On Court 1 on Sunday Juan Martin Del Potro, just two days after losing a marathon match to Federer in the semifinals, upset Novak Djokovic in the bronze medal match and dropped to his knees in sobs. He won the first medal for Argentina at these Games. Later that day on the same court the often-overshadowed Russian player Maria Kirilenko squealed and jumped for joy as she and partner Nadia Petrova captured the bronze medal in Women’s Doubles. Kirilenko had been having the tournament of her life, making the semis in Singles and Doubles, before going 0-3 in medal matches the prior two days. On Centre Court, Venus Williams, already a three-time Olympic Champion, capped off her remarkable comeback from Sjogren’s Syndrome by winning the Doubles Gold Medal. And on Saturday Serena Williams and the Bryan Brothers both captured the “Golden Slam” (all four Grand Slams, plus a Gold Medal.) Everywhere you looked the signs were loud and clear: tennis players had come down with a bad case of Olympic fever.
But even surrounded by all these magical Olympic moments, debates lived on. Tennis fans argued about the schedule, the ITF qualification rules, and the point distributions. And as the tennis players were eliminated from the Games it became once again apparent how different tennis was from the rest of the Olympic sports. Most players fled London and went straight to Canada to prepare for the Masters Series events in Toronto and Montreal. Those tournaments start today. The US Open is just around the corner. While other Olympic sports have to wait another four years for redemption, in tennis, there is always a tomorrow.
Just ask Andy Murray. One month after the most crushing defeat of his career he had a chance for a repeat. And as the match began, it became clear that the colorful courts weren’t the only thing different about this match. Wrapped up in a sense of pride and nationalism that was, for once, bigger then him, Murray played the type of commanding tennis he usually reserves for Grand Slam Quarterfinals and Masters Series Finals.

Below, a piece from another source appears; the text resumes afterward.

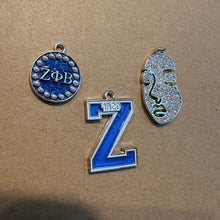 Load image into Gallery viewer, 3 Zeta charms (silver)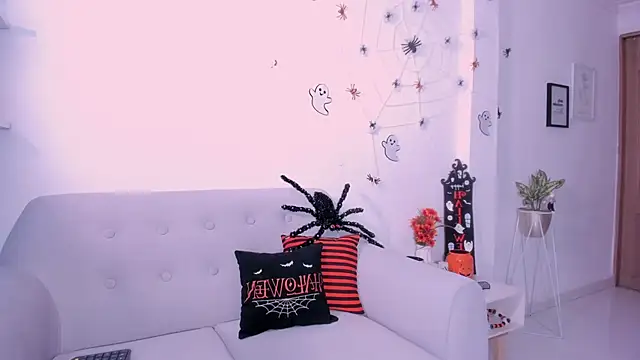 DannaHyde online show from October 2025 04:30:02 PM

Simply put, he dominated Roger Federer.
After he hit an ace down the middle to seal his straight sets upset and secure the Gold Medal, he dropped to his knees and cried—not tears of despair like he had a month ago, but rather tears of relief. Tears of a Champion. As a nation leapt to it’s feet and cheered in disbelief and Murray climbed into the Wimbledon stands to embrace his team, it became apparent that this was an Olympic moment for the ages. Suddenly it didn’t matter how this compared to a Grand Slam victory or how many points he got for the win. Andy Murray had a Gold Medal. He had beaten Roger Federer. He had reversed the script. Underdogs believed again. A nation was united. And, for a moment, tennis and the Olympics lived in perfect harmony.